Xilence Performance X XN078 1250W, PC-Netzteil
8x PCIe, Kabel-Management

Samsung 970 EVO Plus 1 TB, Solid State Drive
schwarz, PCIe Gen 3 x4, M.2 2280

das wäre die zusammen Stellung von meinem PC dazu würde ich gerne eine Wasserkühlung einbauen für
Grafikkarte,Prozessor und vielleicht noch fürs Netzteil.

Wäre super wenn ihr mir helfen könntet.
Mfg


----------



## IICARUS (3. Februar 2020)

*AW: Neuer Pc mit wasserkühlung benötige hilfe *

Dein Thema hast du in geschlossene Wasserkühlung erstellt, das sind normalerweise nur AIOs und bei deinem Vorhaben wirst du mit einer custom Wakü besser dran sein. Um Prozessor und Grafikkarte gut zu kühlen musst du an die 500-600 Euro einplanen, also alleine nur für die Wasserkühlung.

Hier mal nur ein Beispiel wie es aussehen könnte und was in etwa alles dabei sein müsste.
Warenkorb | Caseking

Es gibt aber für die Grafikkarte auch Kühler anderer Hersteller.
Zum Beispiel: Bykski MSI RTX 2080 TI Gaming X Trio Wasserkühler | EZmodding.com
Mit diesem Kühler kannst die original Backplate deiner Grafikkarte wieder verbauen.

Von Bykski gibt es auch CPU-Kühler und auch Anschlüsse.
Einfach dort auch mal mit rein schnuppern. 

Für die Grafikkarte sollte auch Watercool und Aquacomputer Kühler da haben und Aquacomputer hat auch sehr gute CPU-Kühler. Also die Auswahl ist sehr groß, musst dich mal etwas umsehen was du in etwa haben möchtest. 

Oder solle es Hardtube sein?


----------



## Blackimba (3. Februar 2020)

*AW: Neuer Pc mit wasserkühlung benötige hilfe *

hi,
danke für die antwort.
das mit den kosten hab ich mir schon gedacht aber meinst du das die zwei Radiatoren rein passt nicht das der Platz zu knapp wird?
Nein, das was du mir raus gesucht hast passt schon.
kann man das Netzteil auch mit Wasser kühlen ?
Gibts da auch ein umbau set?


----------



## IICARUS (3. Februar 2020)

*AW: Neuer Pc mit wasserkühlung benötige hilfe *

Netzteil brauchst du nicht mit Wasser kühlen.
Heutige Netzteile sind so leise das eine Wasserkühlung nicht notwendig ist.

Wie genau die Radiatoren passen kann ich dir nicht sagen, denn theoretisch passen ja jeweils 420er Radiatoren bei dir vorne, oben und an der Seite.
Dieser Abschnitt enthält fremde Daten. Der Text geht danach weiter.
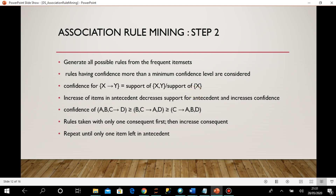From the confidence formula, for an item set with four elements a,b,c,d, I can write rules in different ways: three elements in antecedent and one in consequent, two in each, or one in antecedent and three in consequent. Each arrangement gives a different rule with the same numerator — the support of all four elements together — but a different denominator based on the antecedent.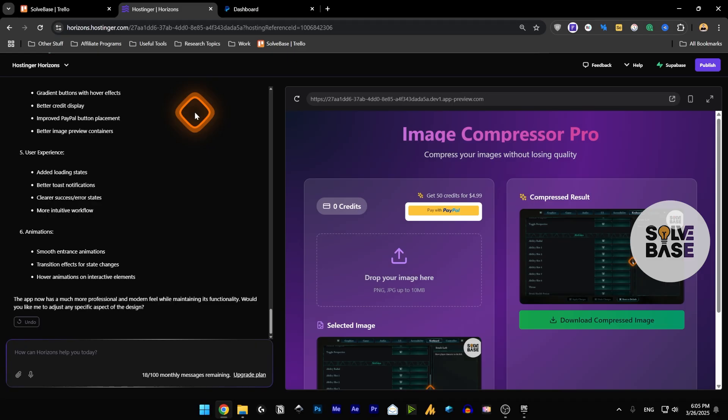So yes, that's it. That's how you can connect a payment gateway to Hostinger Horizons. If you want to connect Stripe it's the same process. If you want to connect any other payment gateway it's again the same process.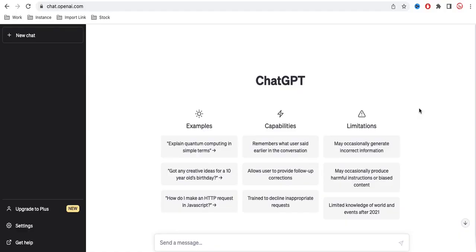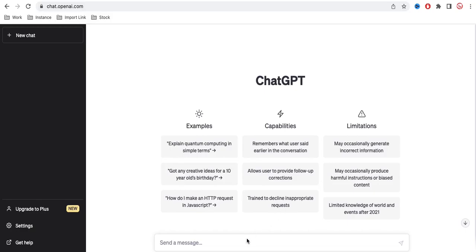So you all know that recently ChatGPT launched and ChatGPT has a lot of capacity. So let's see how it is applicable in our ServiceNow platform. Let's say that you have a question for ServiceNow related. Let's see if ChatGPT can give answers for all my questions. Let's ask the first question: how to generate ServiceNow free instance.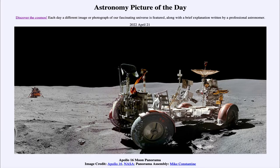Greetings and welcome to the introduction to astronomy. One of the things I like to do in each of my introductory astronomy classes is to begin with the Astronomy Picture of the Day from the NASA website — that is apod.nasa.gov/apod — and today's picture for April 21st of 2022 is titled 'Apollo 16 Moon Panorama.'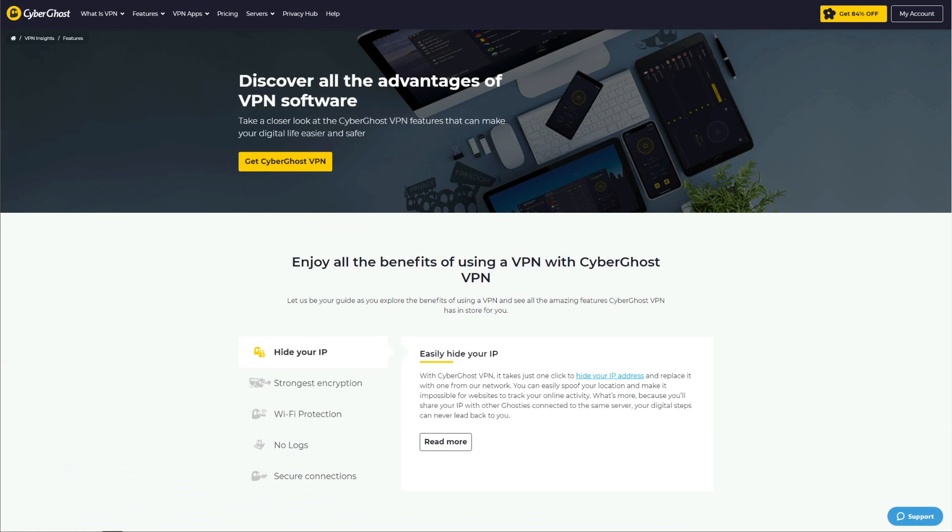A free VPN limits your possibilities as soon as you start using it. With a premium VPN, you won't have any issues, and even though it's not free, you can use CyberGhost for free for the first 45 days of your purchase and enjoy its numerous benefits.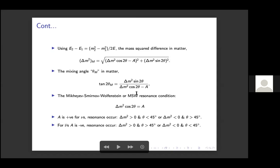This resonance is famously known as the MSW resonance, first discussed by Mikheyev, Smirnov, and Wolfenstein. For resonance, since 'a' is positive for neutrinos and negative for anti-neutrinos, we need Δm²·cos(2θ) > 0 for neutrinos to have resonance — requiring Δm² > 0 and θ < 45°. This is satisfied either if both a and Δm²·cos(2θ) are positive, or both negative. Similarly, the resonance condition for anti-neutrinos can also be derived. This is the famous MSW resonance condition.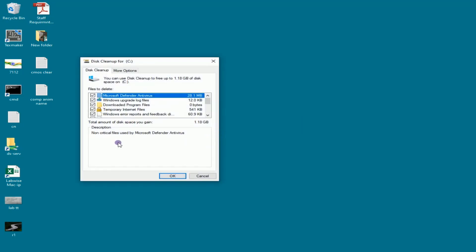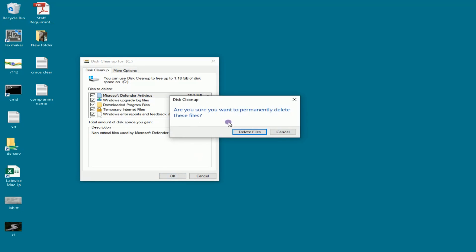Now in the list of files, you can check or uncheck files that you want to retain or remove. Then click on the OK button.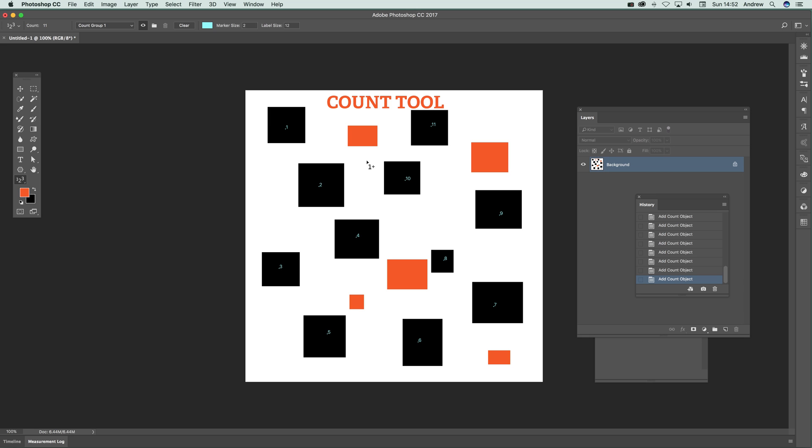So instead of saying it's the one that's slightly above the other one, you can say it's the one that's 10. Okay, so now what you can also do is in the count group you can see the count number 11—it actually shows the number of counts.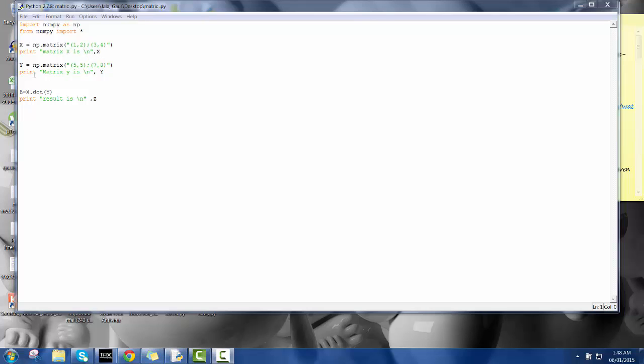Here I have defined another y as a matrix by using numpy again, and here are the respective elements as I have explained before. Same like before, here is a print command which is going to print this.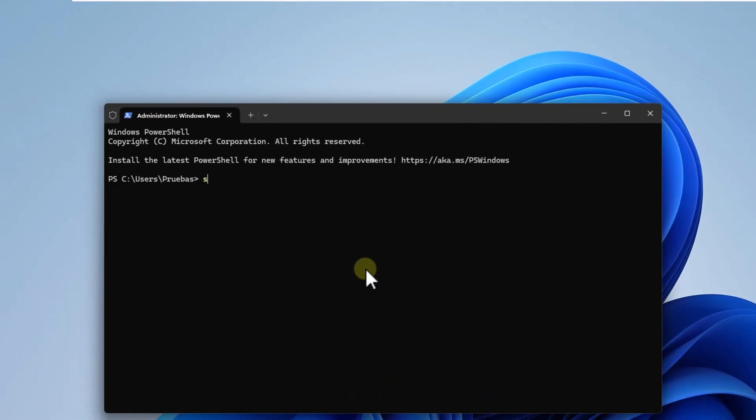There, we will perform a scan on the file system. We execute SFC slash scannow. Press enter.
Nur könnte es passieren das sie zusammen stoßen, daher habe ich auch 1x ein 360er mit ausgewählt. Besser wäre natürlich die Abmasse der Radiatoren zu beachten und dann das ganze im Gehäuse selbst ausmessen. Denn wie genau alle passen würden steht nicht in der Produktbeschreibung.

Jedenfalls ist es halt so das um so mehr verbaut sind, also mehr Fläche, umso geringer fällt die Wassertemperatur aus und eine Wasserkühlung wird erst dann leise wenn Lüfter nicht schnell laufen müssen und das ist halt nur mit mehr Fläche der Fall. Dabei müssen die Radiatoren noch nicht mal so dick sein, da die Fläche hier mehr ausmacht. Daher würde ich nur 30mm dicke Radiatoren verbauen, denn dann können auch die Lüfter langsam laufen und es wird trotzdem sehr gut gekühlt.

Natürlich kannst auch weniger intern verbauen und stattdessen mit einem Mora extern kühlen, aber das Gehäuse bringt gute Möglichkeit Radiatoren verbauen zu können und daher wäre die externe Lösung nur eine zusätzliche Option, falls es Overkill sein soll.


----------



## Blackimba (4. Februar 2020)

*AW: Neuer Pc mit wasserkühlung benötige hilfe *

okay und wie kann ich temperatur und die Lüfter steuern?
gibts da ein extra Display da alles drauf ist oder mache ich das direkt über den Pc dann ?
Temperatursensor gibt es ja habe ich gesehen
dann bestelle ich mir erstmal den pc und dann vermesse ich ihn mal das ich die richtigen masse habe


----------



## Sinusspass (4. Februar 2020)

*AW: Neuer Pc mit wasserkühlung benötige hilfe *



Blackimba schrieb:


> das mit den kosten hab ich mir schon gedacht aber meinst du das die zwei Radiatoren rein passt nicht das der Platz zu knapp wird?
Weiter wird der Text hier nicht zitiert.